Repeat the span of the entries below that starts at the line with "And now we'll" and ends at the line with "Just pick up", nothing more. Skip the pictures.

● DATA FOR PROCESSING:
┌──
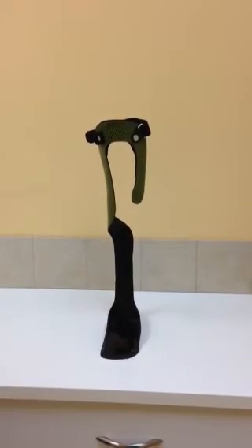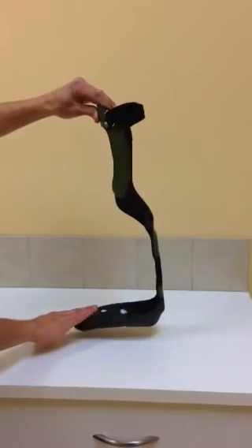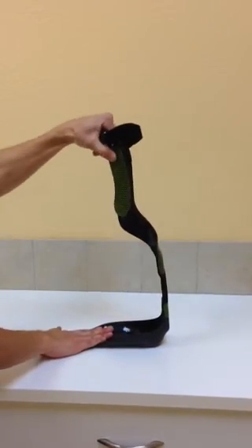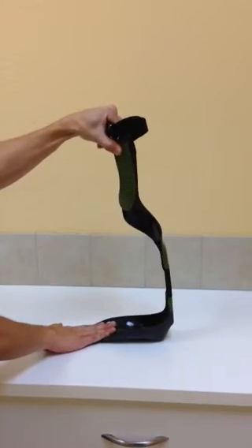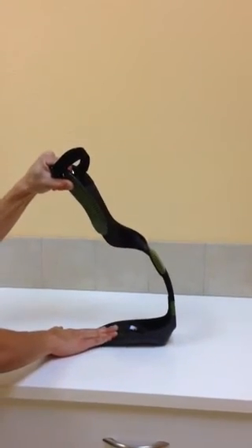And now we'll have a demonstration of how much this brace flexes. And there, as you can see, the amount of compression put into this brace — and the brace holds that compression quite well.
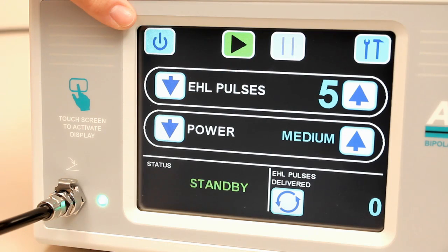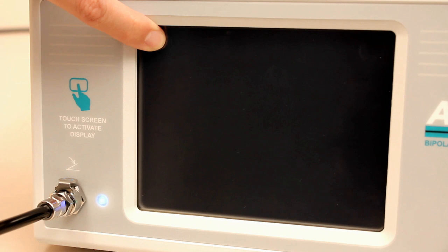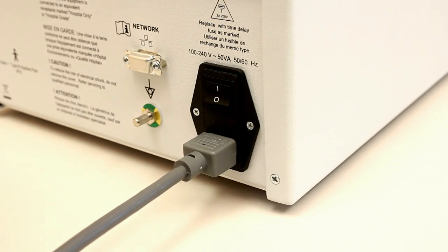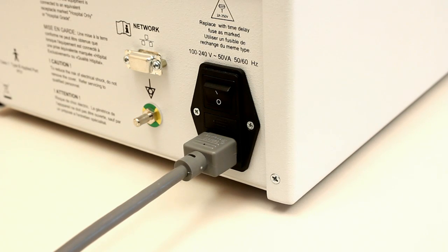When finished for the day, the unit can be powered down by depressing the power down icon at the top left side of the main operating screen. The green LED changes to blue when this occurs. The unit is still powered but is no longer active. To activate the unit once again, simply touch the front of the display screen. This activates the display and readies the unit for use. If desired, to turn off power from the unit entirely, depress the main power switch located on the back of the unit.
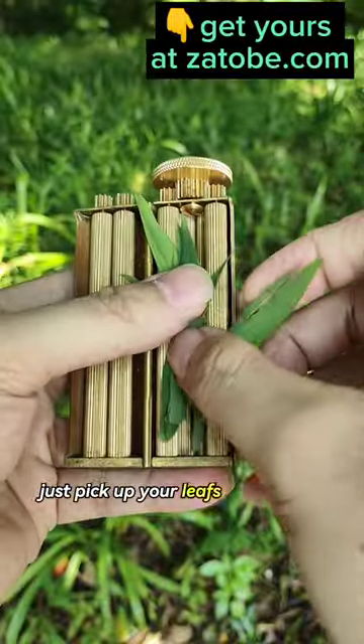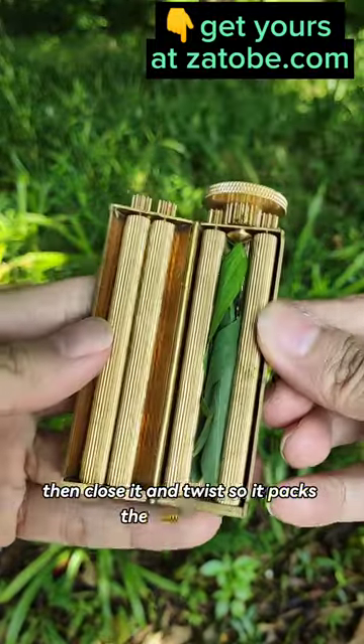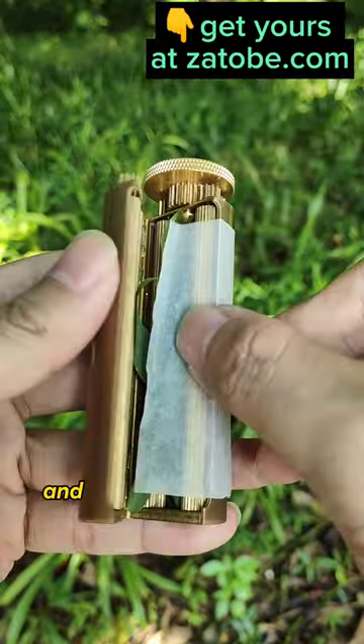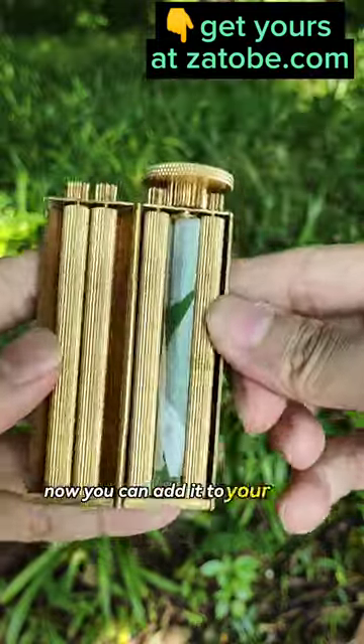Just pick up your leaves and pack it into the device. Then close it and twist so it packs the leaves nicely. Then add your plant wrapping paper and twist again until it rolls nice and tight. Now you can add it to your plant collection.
└──
┌──
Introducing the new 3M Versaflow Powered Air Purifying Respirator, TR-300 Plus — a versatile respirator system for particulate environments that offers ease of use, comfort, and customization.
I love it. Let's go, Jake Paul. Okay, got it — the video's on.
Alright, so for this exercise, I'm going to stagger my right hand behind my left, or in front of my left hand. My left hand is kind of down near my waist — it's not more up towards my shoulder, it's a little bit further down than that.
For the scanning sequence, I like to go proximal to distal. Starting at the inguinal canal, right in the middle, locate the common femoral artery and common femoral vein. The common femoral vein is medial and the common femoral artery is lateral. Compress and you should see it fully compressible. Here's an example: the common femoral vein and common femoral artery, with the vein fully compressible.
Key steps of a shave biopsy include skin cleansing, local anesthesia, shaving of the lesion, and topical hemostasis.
└──
● SOLUTION TO THIS PROBLEM:
And now we'll have a demonstration of how much this brace flexes. And there, as you can see, the amount of compression put into this brace — and the brace holds that compression quite well.
When finished for the day, the unit can be powered down by depressing the power down icon at the top left side of the main operating screen. The green LED changes to blue when this occurs. The unit is still powered but is no longer active. To activate the unit once again, simply touch the front of the display screen. This activates the display and readies the unit for use. If desired, to turn off power from the unit entirely, depress the main power switch located on the back of the unit.
Just pick up your leaves and pack it into the device. Then close it and twist so it packs the leaves nicely. Then add your plant wrapping paper and twist again until it rolls nice and tight. Now you can add it to your plant collection.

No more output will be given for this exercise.